Stargazing in Balochistan took me to an infinite universe
“That constellation is the Big Bear, the one opposite it is the Little Bear. At the tail end of the Little Bear is Polaris, the North Star,” I was told. I was around 15 years old when one clear night up in the Northern Areas my father, a sailor, pointed to the sky and showed me how to use the stars to navigate.
The constellation he showed me, Ursa Minor (Little Bear), has historically been very important for mariners making their way through the deep seas. That’s when I realised that the stars above us aren’t just pretty sparkly things but rather altogether form a map. And much like a book, it can be read.
It would take another 15 years before a group of amateur astronomers would teach a bunch of us how to read parts of that map and the secrets it held. Last weekend, the Karachi Astronomers Society organised one of their much-awaited overnight stargazing trips.
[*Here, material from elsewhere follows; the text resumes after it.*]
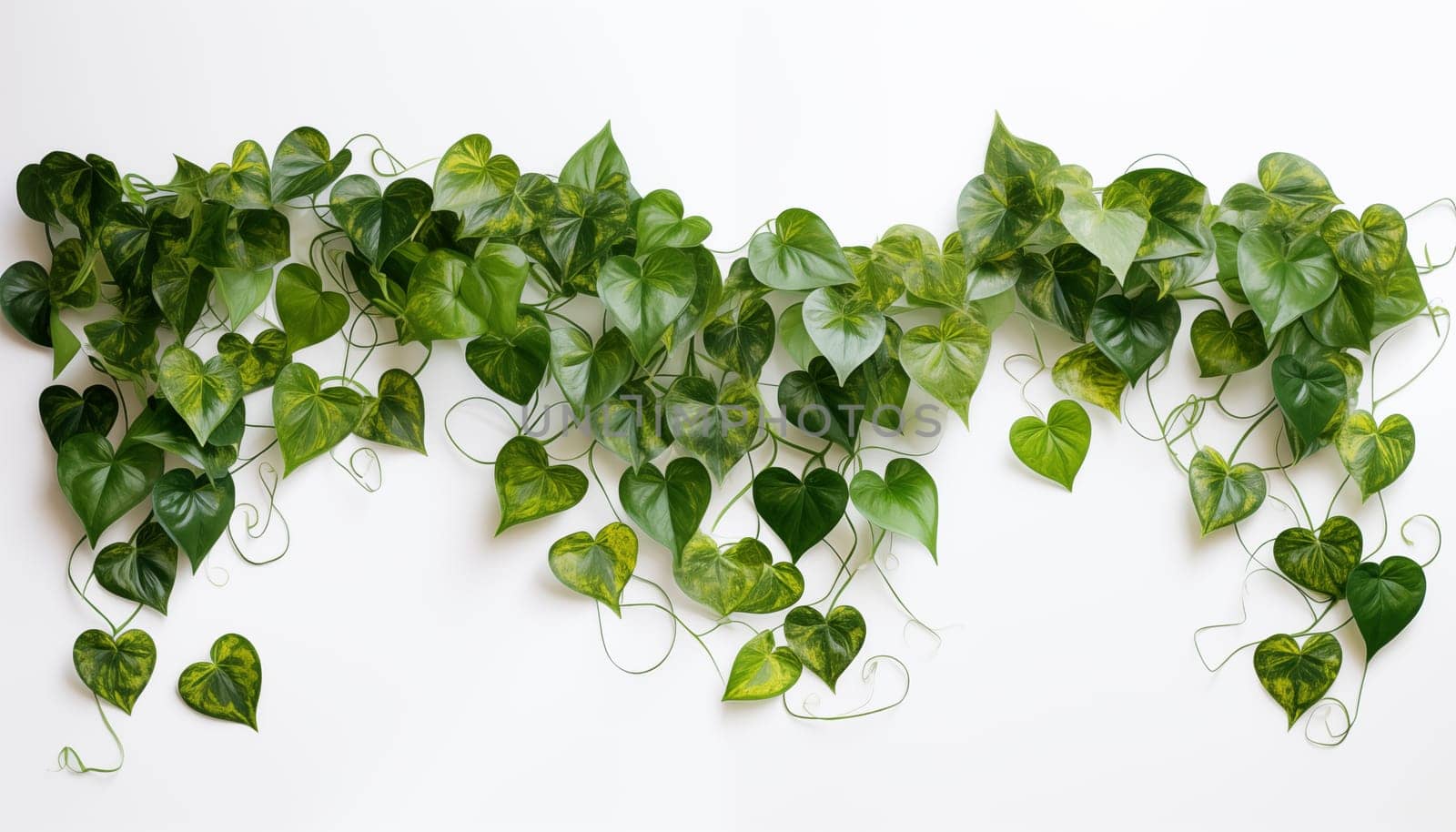 lush Pothos plants with cascading vines by Nadtochiy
The location: the mud volcanoes in the Hingol National Park in Balochistan. They are a four-hour drive from Karachi on the Makran Coastal Highway. The drive itself is beautiful; there is a moment when you go from having the sea on your left to suddenly being confronted with the small but wild and mostly desolate mountain ranges of Balochistan.
Far from the maddening crowd and ‘light pollution’ of urban settlements, the remote mud volcanoes in Balochistan provide the perfect setting for a night of serious stargazing
[Makran Coastal Highway road trip pro-tip: the best bathrooms are at the checkpoints, not the roadside dhabas.]